*** Block opens ***

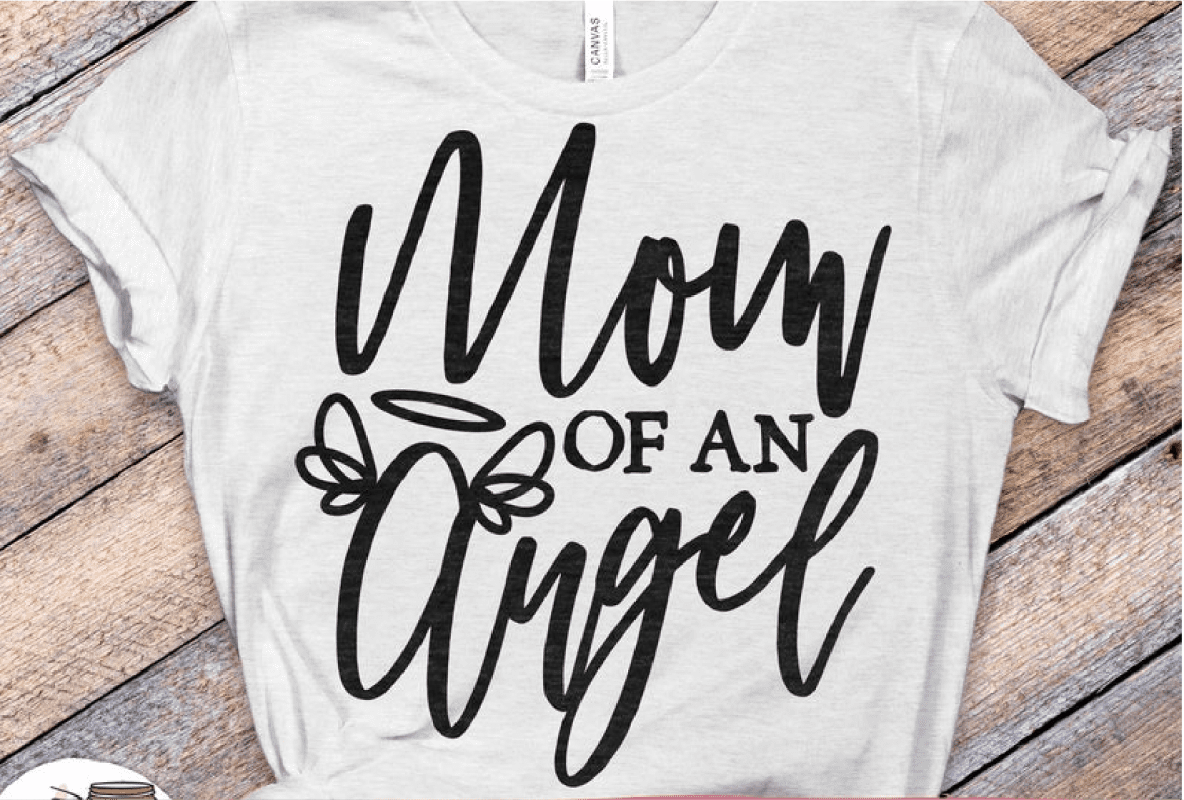 Mom of An Angel svg, In Memory Of svg, Miscarriage Awareness svg - Svg Hubs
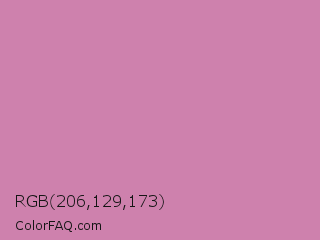 RGB 206,129,173 Color Image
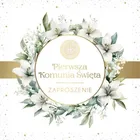 Armin Style, zaproszenie z kopertą, komunia, 13-13 cm, 10 szt.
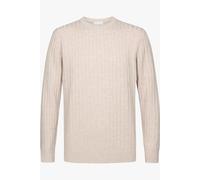Profuomo Regular Fit Pullover sand, Strukturiert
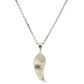 Sterling Silver with Large Textured Angel Wing Pendant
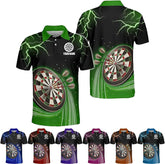 Riveprints Personalized Name Dart 3D Polo Shirt, Dart Shirts, Mens Dart Shirts, Funny Dart Tshirts, Dart Team Shirts Gifts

*** Block closes ***

_WHAT THIS TASK INVOLVES_
This task calls for restating, word for word, each line from the line holding "Profuomo Regular Fit" through the end of the material, pictures left out.

_EXERCISE RESULT_
Profuomo Regular Fit Pullover sand, Strukturiert
 Sterling Silver with Large Textured Angel Wing Pendant
 Riveprints Personalized Name Dart 3D Polo Shirt, Dart Shirts, Mens Dart Shirts, Funny Dart Tshirts, Dart Team Shirts Gifts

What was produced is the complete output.